Compared with the fixed dose protocol, the closed-loop delivery scheme is very flexible in affecting the time until the drug concentration reaches the therapeutic range. The performance of the closed loop therapy can be tuned by adjusting the integration gain $k_i$ and the state-feedback gain $K$ in terms of tuning the corresponding parameters of robust control design algorithm (25), which should be chosen in such a way that the monotonic concentration growth is ensured. In this way, the aggressiveness of the therapy can be adjusted to minimize the delays in reaching the therapeutic range by increasing the integration gain. However, a reasonable trade-off between the speed and safety of the therapy must be chosen since more aggressive policies usually lead to dangerous overshoots and, ultimately, to deteriorated robustness. It is important to note that with increasing control aggressiveness, the sensitivity of the control performance with respect to the magnitude of parametric uncertainties also typically increases.

5. Conclusions

This paper considers the pharmacokinetic compartmental model, which the authors designed and parametrically identified from in vivo concentration samples [4,14]. The aim was to design a dosing protocol for repeated administration.
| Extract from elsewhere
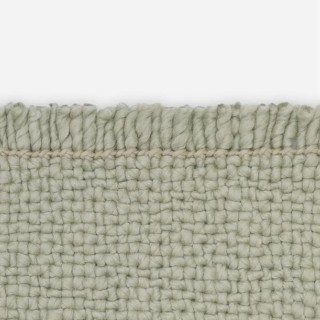 Ковер Bold Block0910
It was supposed that the model parameters are uncertain due to numerous reasons, which means that their values vary within a finite interval. The limits of the parametric uncertainties were individually set to 10% of the corresponding nominal values.
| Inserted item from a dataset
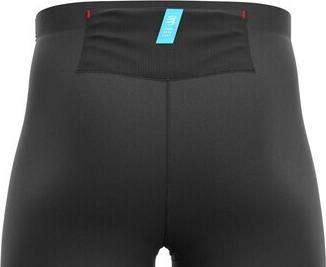 Produktbild Compressport Trail Under Control Short (34, 35, 36, 37, 38)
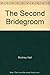 The Second Bridegroom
Because repeated drug dosing is essentially a discrete time process, it was decided to solve the problem completely in the discrete time domain. To this end, the original continuous time model was first transformed into its discrete time counterpart, and both the open-loop and the closed-loop analyses were performed solely in the discrete time domain. The repeated drug dosing problem was approached in the following three different ways:

First, in the open-loop approach, the system static gain and the doses of constant size, which were repeatedly administered, were determined, forcing the drug concentration to reach the given steady-state level of the drug concentration and to maintain this level for a given time interval.

Second, in the closed-loop approach, the initial oral dose was administered, and after the dosing interval $T=6$ h, the sample of the drug concentration was taken. Information about its value was passed to the integrating controller, which computed the size of the next dose. This strategy could ensure that drug concentrations converge to the requested steady-state value regardless of actual uncertain model parameters.
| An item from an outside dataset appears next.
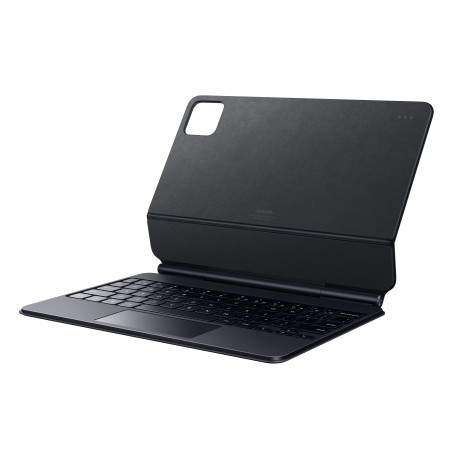 Xiaomi Pad 8/8 Pre Focus Keyboard (US English)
In the third approach, the problem of repeated drug dosing for the subject (more precisely, its model), which was not only uncertain but also unstable, was resolved. Although, at first glance, such a situation may seem very rare or even impossible to happen in a living body, it has been shown that this is nothing unnatural. These issues were discussed in Section 3.6.

It can be concluded that the main practical limitation of the proposed strategy is in providing full state feedback; yet, this requirement can be reduced using a state observer [5]. Hence, the required feedback reduces to sensing only the drug concentration in the output compartment, which, today, is feasible due to the extensive development of sensors and wearable electronic devices for biomedical applications.

The results presented in Section 3.6 create the basis for a future analysis of the possible treatment of tumor growth, which is typically an unstable system. This problem is briefly outlined in Appendix A in the form of a short authors’ reflection.